Collaborative FIltering in Spotify

Spotify uses collaborative filtering recommendation engine. "Collaborative Filtering is commonly used for recommender systems. It is a technique to fill in the missing entries of a user-item association matrix. MLlib (MLlib is Sparks scalable machine learning library consisting of common learning algorithms and utilities) currently supports model-based collaborative filtering, in which users and products are described by a small set of latent factors that can be used to predict missing entries. MLlib uses the alternating least squares (ALS) algorithm to learn these latent factors

Implicit Matrix Factorization in Spotify

Explicit Matrix Factorization is when users explicitly rate a subset of the item (eg movie) catlog,with the goal to predict how users will rate new movies. It uses minimized RMSE

Implicit matrix factorization is different, instead of explicit ratins use binary lables, which minimizes weigted RMSE using a function of total steams as weights.

Implicit matrix factorization is what Spotify uses to reduce the overall size of matrix. The standard approach to matrix factorization based collaborative filtering treats the entries in the user-item matrix as explicit preferences given by the user to the item. It is common in many real-world use cases which only have access to implicit feedback (e.g. views, clicks, purchases, likes, shares etc.). The approach used in MLlib to deal with such data is taken from Collaborative Filtering for Implicit Feedback Datasets. Essentially instead of trying to model the matrix of ratings directly, this approach treats the data as a combination of binary preferences and confidence values.

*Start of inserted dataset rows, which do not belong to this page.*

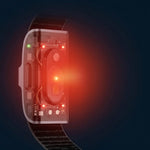 IP68 Waterproof Fitness Watch for Heart Rate and Oxygen Tracking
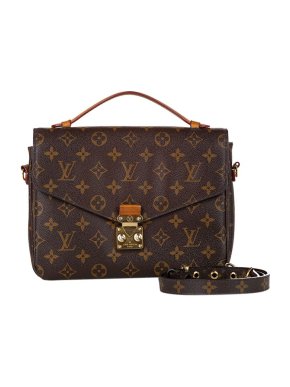 Louis Vuitton Monogram Canvas Pochette Metis Bag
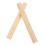 2Pcs Khaki Wooden Drumming Sticks for Rhythm and Percussion Practice 2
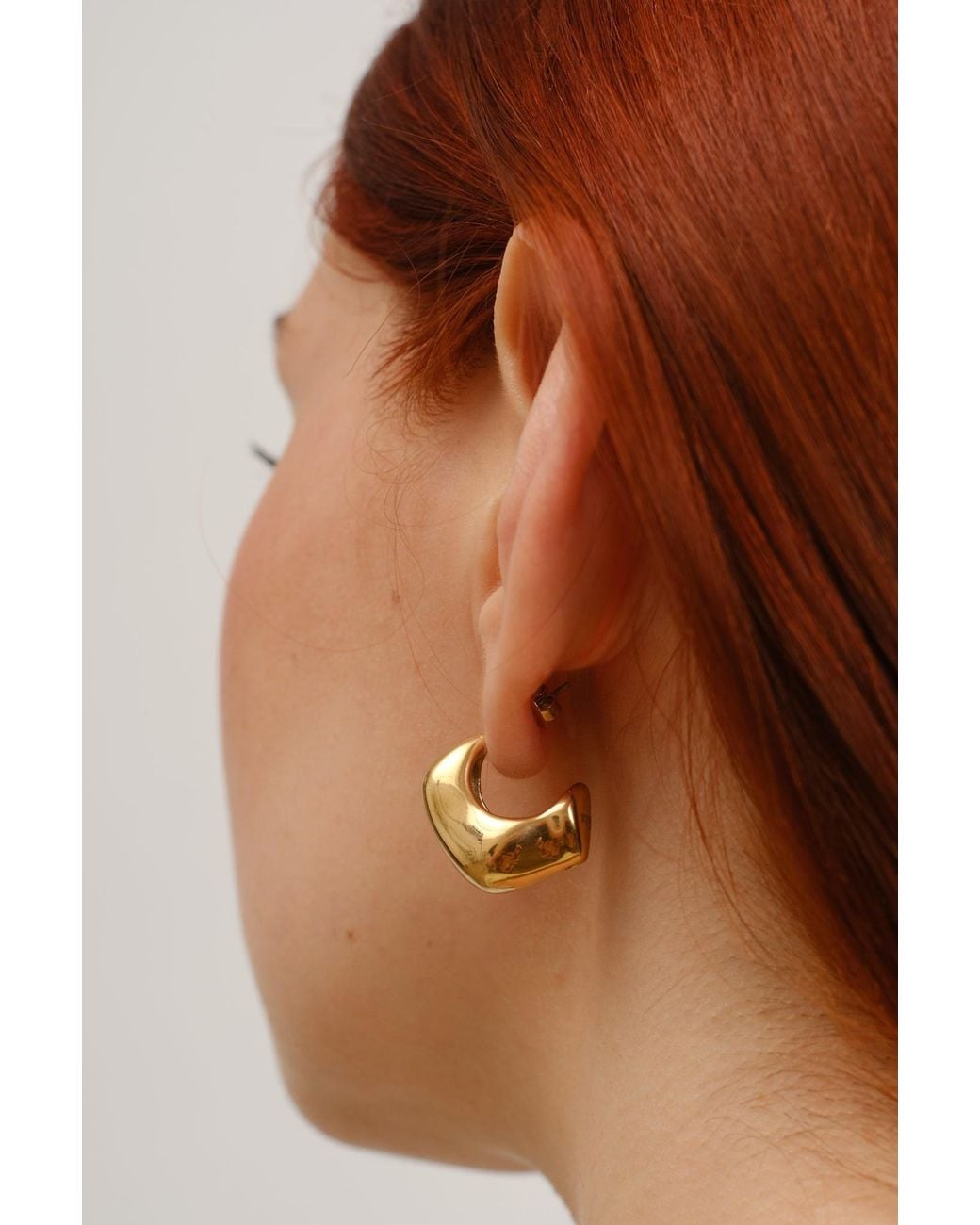 Zynnia Collective Metallic Fluid Hoops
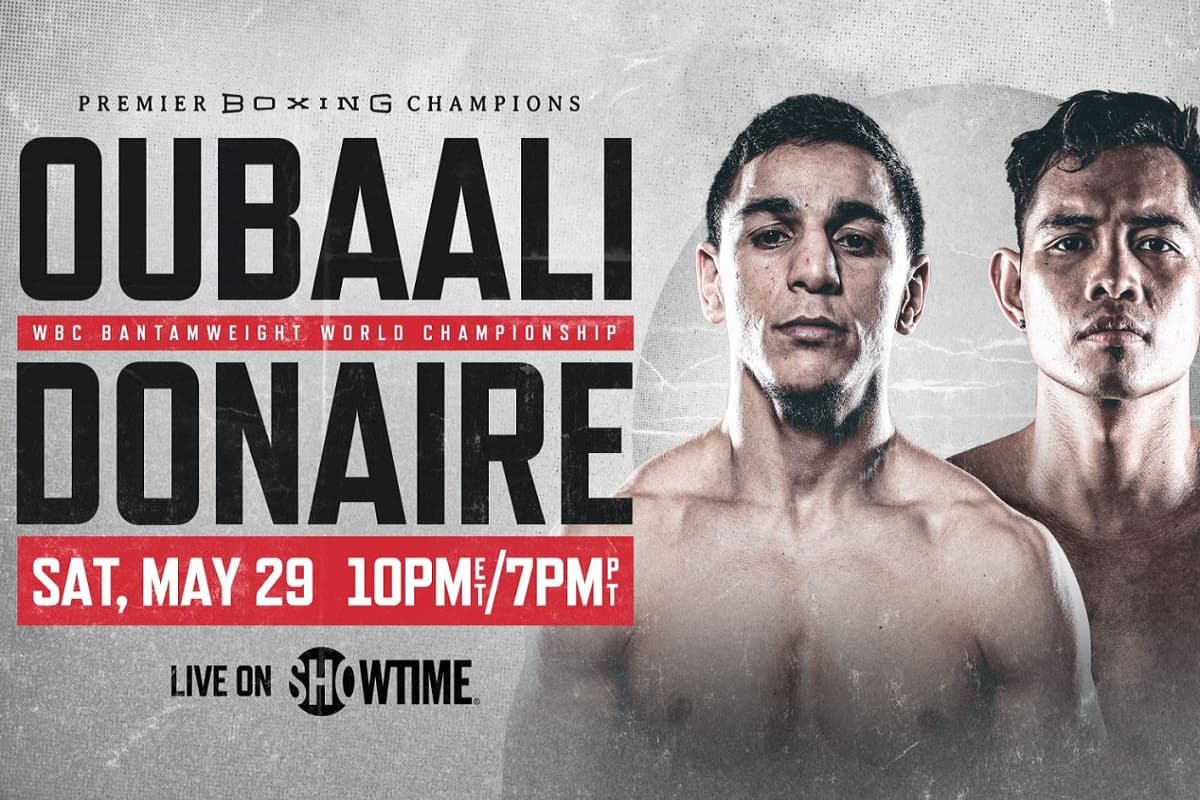 Nordine Oubaali vs Nonito Donaire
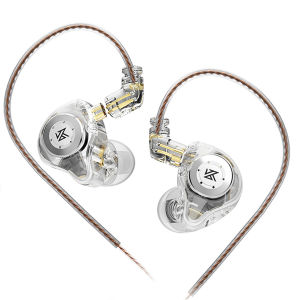 KZ | In Ear Monitor KZ EDX ProHeadphones HiFi Dynamic Driver Earphones Heavy Bass Noise Isolating Wired Earbuds For Music Gaming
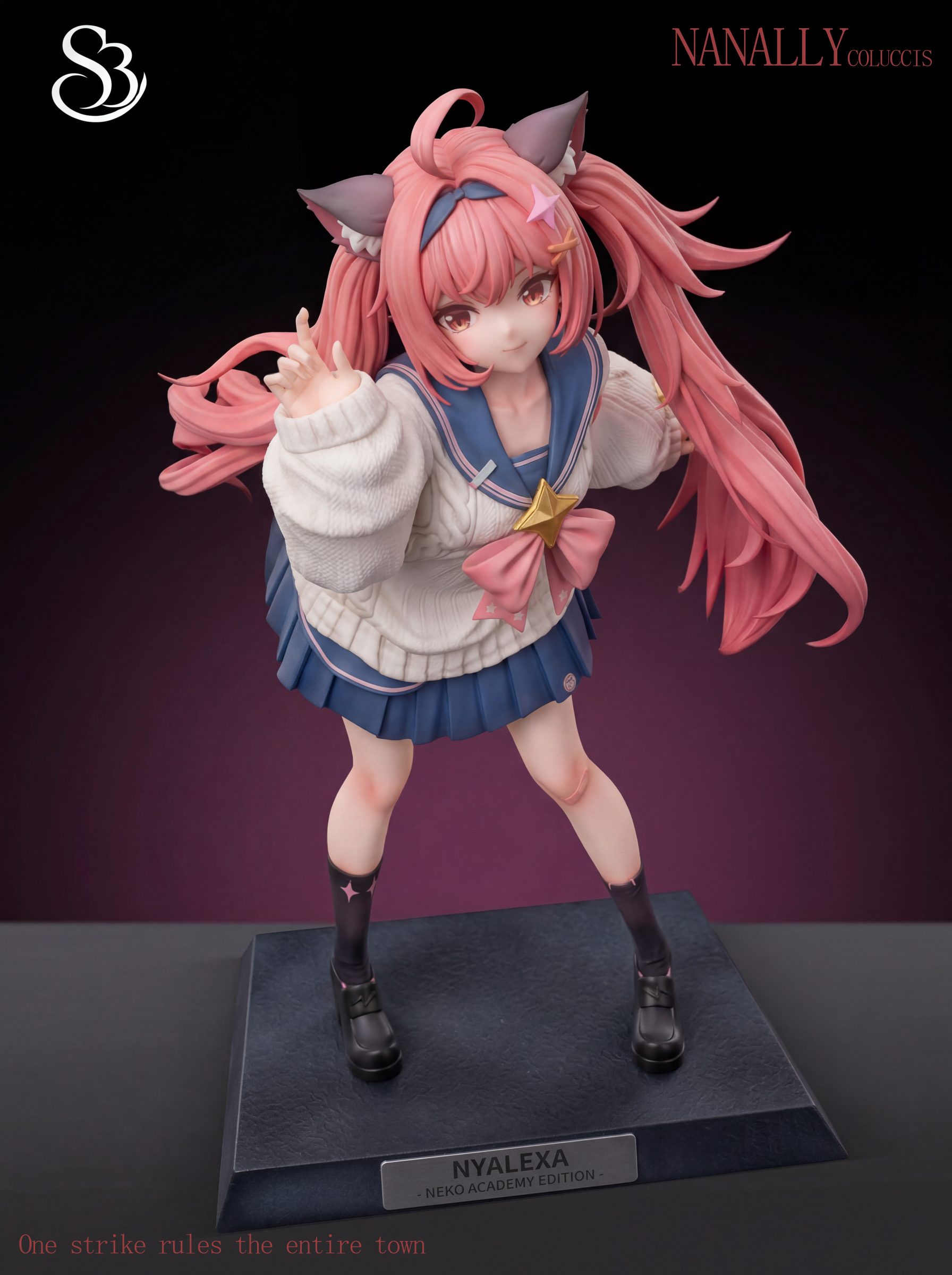 Neverness to Everness-NANALLY – Nyalexa Academy Edition 1/6 Scale Statue – S3 Studio - Image 2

Scale up by Hadoop and Spark

Next step after the implicit matrix factorization is using hadoop to scale it up. In 2014, there are about 700 nodes in spotify london data center. Hadoop sufferes from I/O overhead terribly. SPARK comes to rescue! It simplifies the process dramatically and saves run time by 90%. For example: , First attempt: broadcast everything (Hadoop) , Run time: 10 hours , Second attempt: full gridify (Spark) , Run time: 3.5 hours , Third attempt: half gridify (Spark) , Run time: 1.5 hours ,

Apache Spark is 30x faster than Hadoop, because the huge difference between RAM and Disk. Spark is a cluster-computing framework which competes more with MapReduce than with the entire Hadoop ecosystem. For example, Spark doesn t have its own distributed filesystem. Spark uses memory and can use disk for processing, whereas MapReduce is strictly disk-based. Therefore, Spark is simpler and faster than Mapreduce for the usual Machine learning and Data Analytics applications. In Full gridify scheme, a lot of intermediate data is sent over the wire for each iteration and a large I/O overhead compared to the half gridify scheme, but has a potential for requiring less local memory comapred to half gridify. For a half gridify scheme, ratings get cached and never shuffled. Once item vectors are joined with ratings partitions each partition has enough information to solve optimal user and vectors without any additional shuffling.